Though Blue Dragon certainly looks ready for prime time with its highly stylized artistic rendering of a fantasy world chock full of decidedly Anime trappings, its gameplay is, ultimately, a hackneyed throwback to RPG-wonder circa 1998. The story is shallow and hopeless cliché as a clutch of pre-teens decide only they have the gumption to take on the requisite super evil, over-lording, bad guy and foil his plot to destroy/conquer/consume the fine fantasy land in which they live while said evil guy happens to be superstitiously using the 10-year-olds for just that purpose, unbeknownst to them but clearly, unimpressively known to you, the player. It doesn't help that cookie-cutter boss of badness commands a "Land Shark," because it's not
the Land Shark from the classic SNL, skit, which would be funny in the "poke fun" sort of way, but a totally different, non-funny mechanized one waxing at doomsday as effectively as a fish in the sand.
Meanwhile, each of the characters in your world-saving party are decidedly unlikable -- and not just because of their grating "personalities," but because for all their anime charm, they look creepy, like animated china dolls who's near-frozen facial expressions are offset but overworked body articulation.
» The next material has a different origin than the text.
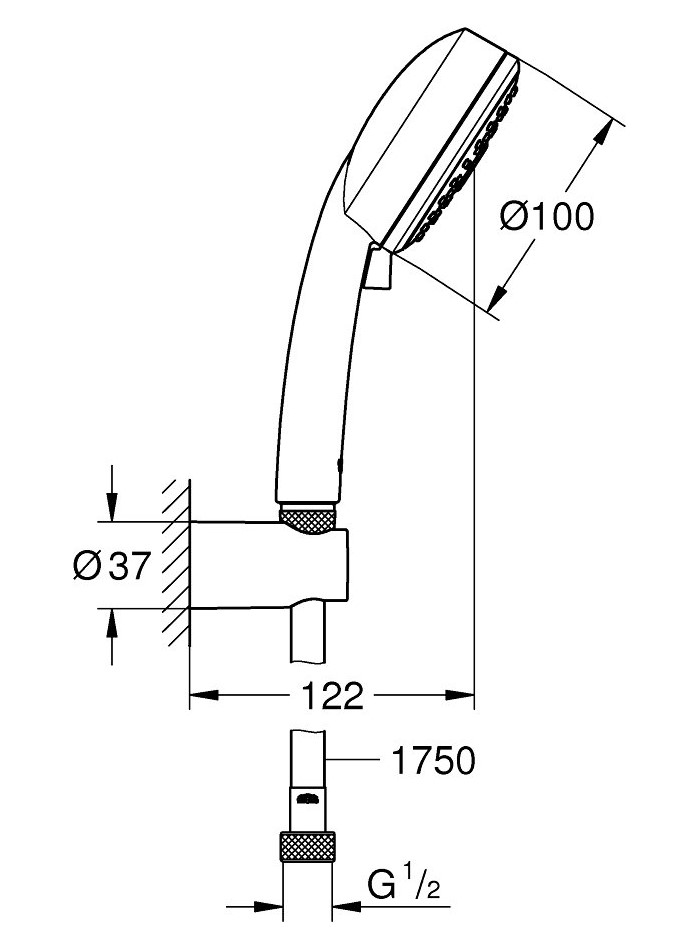 Смеситель для ванны с душем MEGA Delta MG-SRN100 + Душевой гарнитур Grohe Vitalio Comfort 26176000 хром купить в Тамбове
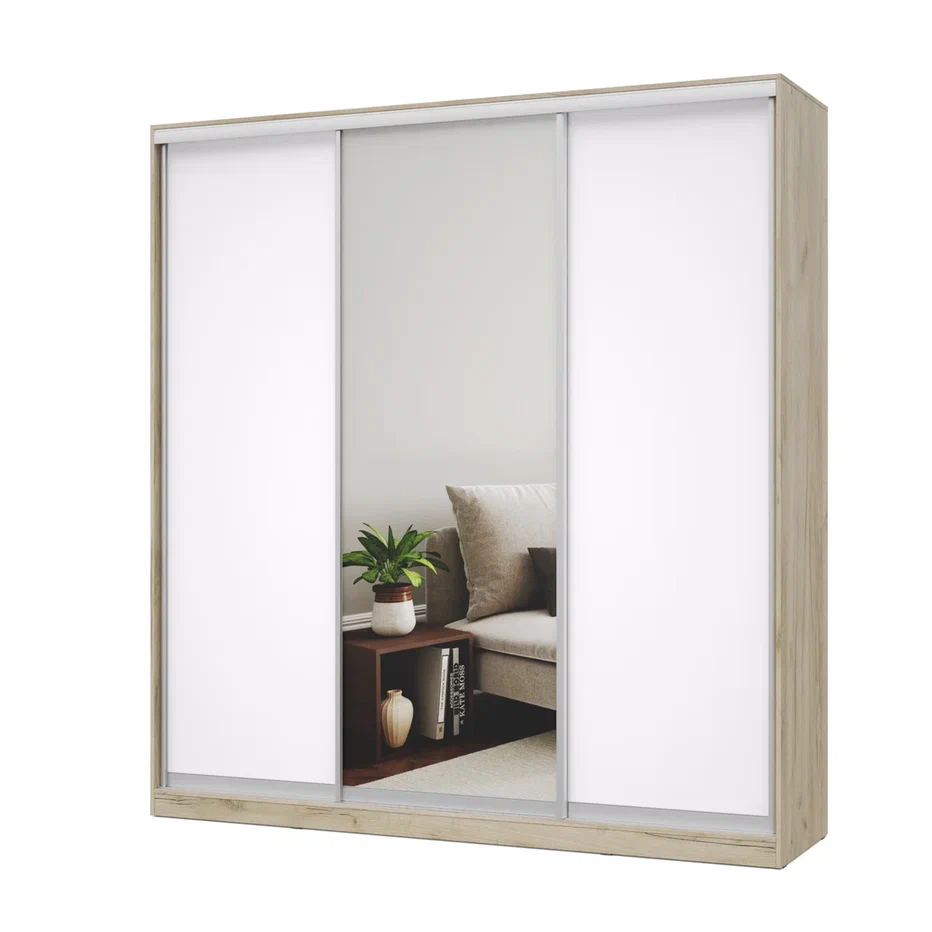 шкаф-купе роланд р222 серый дуб/белый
The voice-over work of each is generally good, yet, inexplicably, complete missing on occasion; sometimes you're reading what they're saying, sometimes they speak aloud with no rhyme or reason except that maybe they rushed this game out the door before the voice actors could finish reading the phonebook-sized script out loud. Too, when they do speak, it's with the faux earnestness of an adolescent trying on big adult words like "you bastard," which rounds out the list of character annoyances quite nicely.
Oh sure, everyone gets to command a dragon eventually -- a blue one and everything -- but man, "commanding" is not "playing" with dragons. They grow out of your shoes. No joke. Shoe Dragons. Still not playing. It's "ooh, look at the pretty interludes with dragons and creepy china dolls." This is just old-school RPG gaming at heart, and that school closed due to lack of attendance a long time ago (well, it did in North America, but Microsoft feels compelled to grasp at the last remaining vestige of RPG game buyers known as Final Fantasy fans.)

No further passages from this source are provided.